6) Beer. Yet again, the beer carts were set up again schlogging out brew to the masses. Man, after a straight hour hanging out by one of these, I couldn't tell who was American and who was German. I even thought I was in Boston for a while.

5) Processed meats. People here are usually pretty conscientious of their schnitzel wielding, but for some reason if you throw a hot dog into the grips of a Mainzer local, you set yourself up to be, upon walking collision, slothered with ketchup and bun. Perhaps it was the city-wide fervor towards the ideals of friendship, but you had to be careful out there on the streets today.
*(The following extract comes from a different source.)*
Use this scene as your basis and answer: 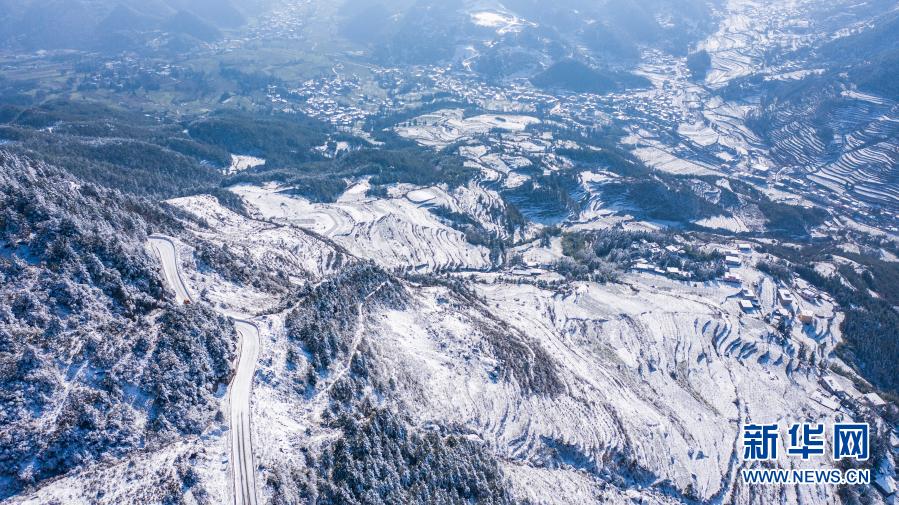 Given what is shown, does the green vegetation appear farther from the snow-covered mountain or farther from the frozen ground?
the frozen ground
Hot Dog Stands EVERYWHERE.

4) Signs proclaiming our bond. These witty graffiti artists and poster-makers have developed the eye-catching "F! Bush!" as a shortened version of the popular slogan, "Friend! Bush!"

3) Cars. Dealers' wares were parked all around the Altstadt, including German, American, and French manufacturers. Perhaps the most interesting were the Hollywood Cars, which allowed us to see our first stretch limo since arriving to D-land. If you need a US-Police Car or a NYC Taxi to take you to your international school's prom, well, this is the place.
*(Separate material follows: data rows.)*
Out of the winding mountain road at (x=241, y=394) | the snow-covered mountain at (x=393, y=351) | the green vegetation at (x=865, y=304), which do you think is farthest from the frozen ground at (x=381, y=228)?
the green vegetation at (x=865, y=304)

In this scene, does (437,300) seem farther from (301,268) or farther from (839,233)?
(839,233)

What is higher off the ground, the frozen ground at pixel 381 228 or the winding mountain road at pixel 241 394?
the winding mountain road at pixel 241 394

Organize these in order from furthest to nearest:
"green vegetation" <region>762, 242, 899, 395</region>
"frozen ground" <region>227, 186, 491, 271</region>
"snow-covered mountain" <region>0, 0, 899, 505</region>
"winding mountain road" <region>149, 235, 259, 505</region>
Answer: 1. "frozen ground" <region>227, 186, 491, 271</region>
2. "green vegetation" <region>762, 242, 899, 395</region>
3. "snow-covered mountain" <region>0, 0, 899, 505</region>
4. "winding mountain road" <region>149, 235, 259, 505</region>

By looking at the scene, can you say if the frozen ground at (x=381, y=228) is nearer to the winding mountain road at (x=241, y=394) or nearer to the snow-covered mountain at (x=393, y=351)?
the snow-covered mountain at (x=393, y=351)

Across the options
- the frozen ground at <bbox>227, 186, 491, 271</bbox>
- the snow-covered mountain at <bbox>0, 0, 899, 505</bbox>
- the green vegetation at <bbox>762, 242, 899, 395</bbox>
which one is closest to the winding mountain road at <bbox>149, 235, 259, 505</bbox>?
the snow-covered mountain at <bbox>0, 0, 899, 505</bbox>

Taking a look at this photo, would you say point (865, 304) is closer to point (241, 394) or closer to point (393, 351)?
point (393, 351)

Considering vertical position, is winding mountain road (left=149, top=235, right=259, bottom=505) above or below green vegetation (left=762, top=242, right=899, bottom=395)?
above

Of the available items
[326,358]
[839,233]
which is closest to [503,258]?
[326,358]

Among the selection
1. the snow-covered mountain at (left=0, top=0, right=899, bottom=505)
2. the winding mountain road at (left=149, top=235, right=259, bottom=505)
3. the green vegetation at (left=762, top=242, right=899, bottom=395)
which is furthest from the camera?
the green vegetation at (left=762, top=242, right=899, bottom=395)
2) Military Demonstrations: The local Air Force Base's choral group was on stage in the central courtyard, belting out such hits as Thriller and Shout. They were, actually, fun to watch. The area around the Dom was packed with people singing along. The Chorus was even cheered out for an encore. After that, the local Mainzer breakdancing crew spun out to some beats, accompanied by what appeared to be a group of American military officer's daughters-as-background-dancers. We clapped thunderously, if only for the looming scandal.

1) Okay, seriously. I have plenty of friends who are pretty special to me, and it's not like once a year I go up to one, throw them a hot dog, and sing the boogie woogie blues before telling 'em how much they mean to me. Gleason, how weird would that be? And it looks like the people of Mainz agree. Thousands of people were wandering around, merely excited to be allowed to shop! on a Sunday (Palm Sunday, nonetheless). Yes yes, if that's not representative of us heathens 'cross the Atlantic, what is? But for the most part, everyone was walking around with a look on their face as if to say, was machen wir hier?
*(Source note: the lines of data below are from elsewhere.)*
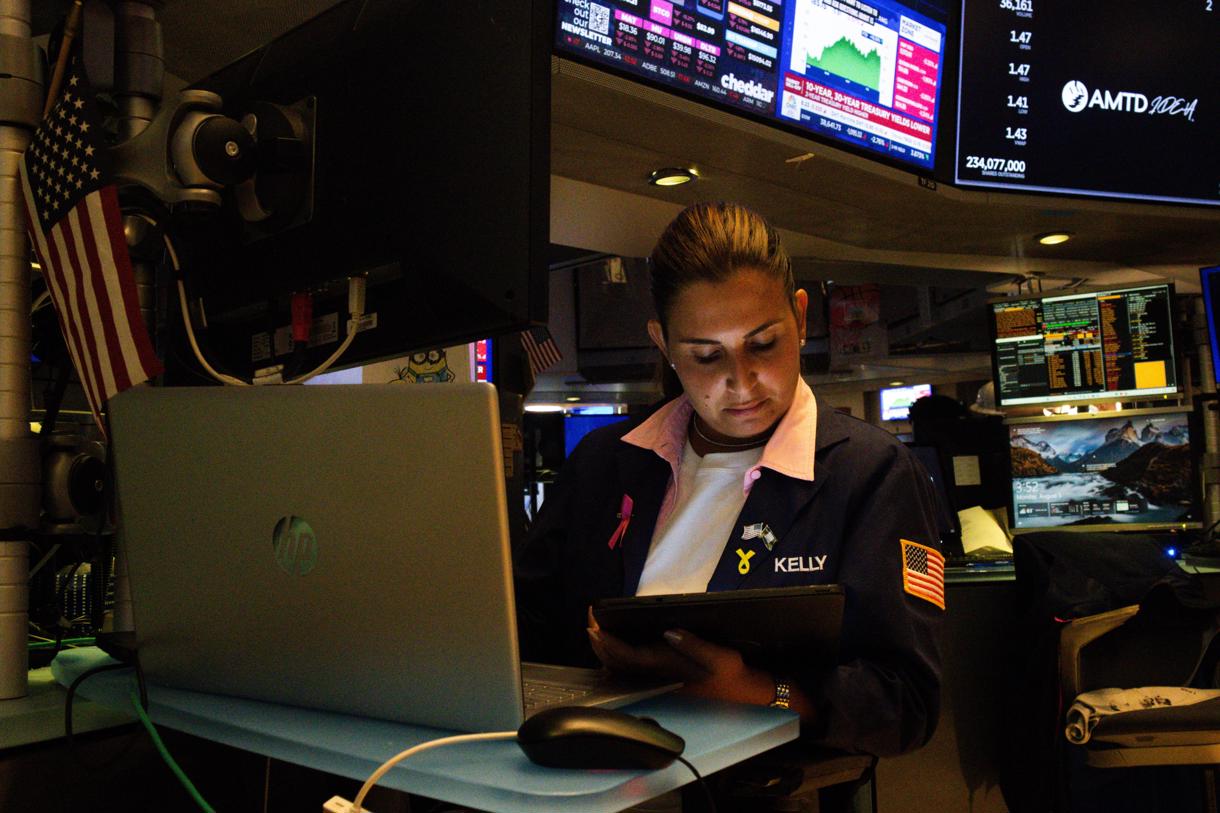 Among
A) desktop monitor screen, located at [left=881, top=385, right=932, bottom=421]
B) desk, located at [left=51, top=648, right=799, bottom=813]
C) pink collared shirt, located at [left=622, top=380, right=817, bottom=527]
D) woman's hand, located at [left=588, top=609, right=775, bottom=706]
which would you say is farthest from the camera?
desktop monitor screen, located at [left=881, top=385, right=932, bottom=421]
Wir kaufen unsere Freunde, wir kaufen.


In other news, D and I are flying off tomorrow to Italy for touring and sport. First, we visit (or re-visit) Venice, and then we're down to Rimini as I'm playing in my first Paga with the local German club team. We'll try our best to get online at some point and upload some pictures. If not, expect a full report after our return on the 18th.


Blogger j said...

I should add... there were more American flags flying today than there are everyday German flags. Granted, today shown every star and stripe matched with the schwarz, gelb, und rot, but it was still a little strange walking around.

10:59 PM

Blogger d said...

yeah, I really enjoyed German-American Friendship day, but there was a distinct air of "what on earth is going on?" After all, the American army is still regarded as an "occupying force" by many Germans.

And just to clarify--Bush's visit to Mainz caused a bit of ill will among many Mainzer residents. Not only did everyone have to stay inside (can you imagine Americans putting up with that if Chancellor Merkel came to visit?), but when Bush then went on to Bratislava the next day, he was allowed to "mingle with the people." This did not exactly make some Germans happy.